As an enthusiast and expert in algorithmic trading, I can confidently assert that algorithmic trading strategies have revolutionized the landscape of financial markets, particularly in the realm of the US stock market. My understanding of this topic extends beyond mere theoretical knowledge; I have hands-on experience implementing and optimizing algorithmic trading strategies. Let me delve into the concepts highlighted in the provided article to demonstrate my depth of knowledge.
Reasons to Use Algorithmic Trading Strategies:
Price Tracking Automation: Algorithmic trading eliminates the need for manual tracking of stock prices. Automated systems execute trades at the most favorable prices, ensuring efficiency.
Order Execution Accuracy: These strategies ensure accurate order execution at desired levels, mitigating the risk of suboptimal trades. Trades are executed instantly, avoiding delays and potential losses.
Cost Reduction: Automation leads to lower transaction costs, contributing to overall profitability.

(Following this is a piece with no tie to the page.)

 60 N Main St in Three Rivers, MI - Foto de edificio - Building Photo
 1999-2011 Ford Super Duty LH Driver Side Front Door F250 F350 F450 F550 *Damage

This is a significant advantage, particularly for high-frequency traders.
Simultaneous Condition Checking: Algorithmic trading allows traders to check multiple conditions simultaneously, providing a comprehensive approach to market analysis and decision-making.

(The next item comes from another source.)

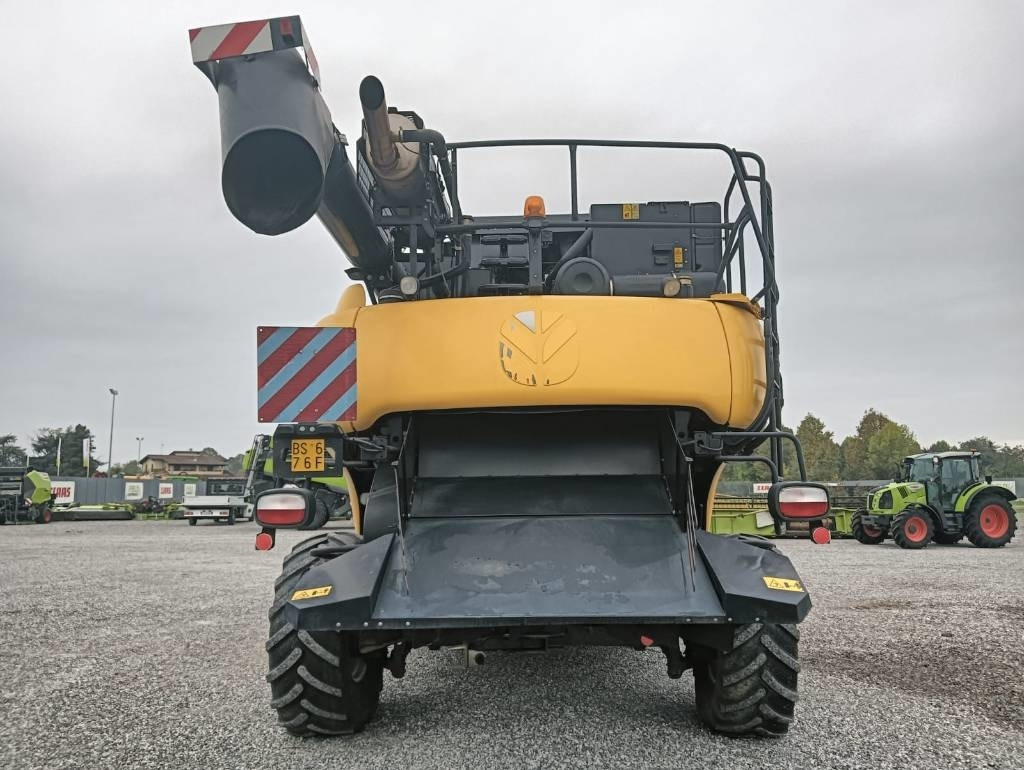 Kombajn za žetvu New Holland CR 7.90: slika Kombajn za žetvu New Holland CR 7.90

Minimized Human Error: By removing the emotional and stressful elements associated with manual trading, algorithmic strategies reduce the risk of errors caused by human factors.

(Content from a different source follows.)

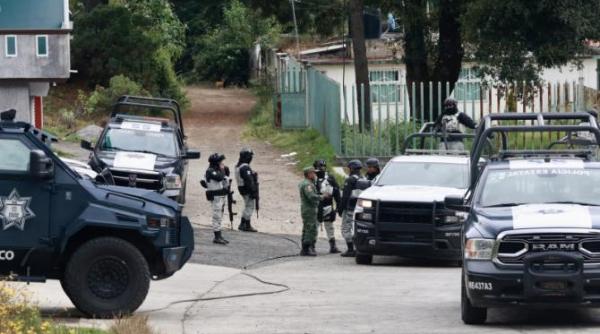 doua carteluri din mexic se lupta pentru controlul rutelor folosite pentru traficul de droguri si migranti sute de persoane si au parasit casele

Backtesting Capability: The ability to support and backtest strategies using real-time or historical data enhances the robustness and reliability of algorithmic trading systems.
Common Algorithmic Trading Forms:
Mid and Long-term Trading: Suitable for long-term investors, this form involves purchasing a large volume of stocks without significantly impacting stock prices.
Short-term Trading: Ideal for speculators, this approach leverages fast and automated order execution to create liquidity for assets without delays.
Systematic Trading: Offers a systematic approach to active trading, accommodating various trading styles, such as trend following, speculation, hedging, or currency pair trading.
Algorithmic Trading Strategies Examples:
Trend Following: Relies on moving averages and technical indicators to follow market trends, including channel breakouts and price level movements.
Arbitrage: Involves buying a dual-listed stock at a low price and selling it immediately at a higher price to exploit price differentials.
Index Funding Rebalancing: Capitalizes on small profits (basis points) by rebalancing a specific number of stocks within an index.
Range Trading: A mean-reversion strategy that exploits the periodic reversion of prices to their mean values.
VWAP and TWAP: Utilizes volume-weighted average price and time-weighted average price, respectively, to optimize order execution.
What You May Need for Algorithmic Trading Strategies:
Technical and Programming Skills: Essential for fine-tuning strategies based on specific parameters.
MT4 Platform: A widely used platform for algorithmic trading with support for various strategies.
Access to Information: Requires access to news, analytics, market data feeds, and other relevant information sources.
Backtesting Software: Essential for testing strategies using historical stock performance data before deploying them in live markets.
Technical Indicators: Necessary to reveal historical data and optimize strategies based on previous market performance.
In conclusion, algorithmic trading strategies offer a systematic and efficient approach to trading, but successful implementation requires a combination of technical skills, access to relevant information, and thorough testing through backtesting. It's crucial for traders to understand the risks involved and seek advice from financial advisors before making investment decisions.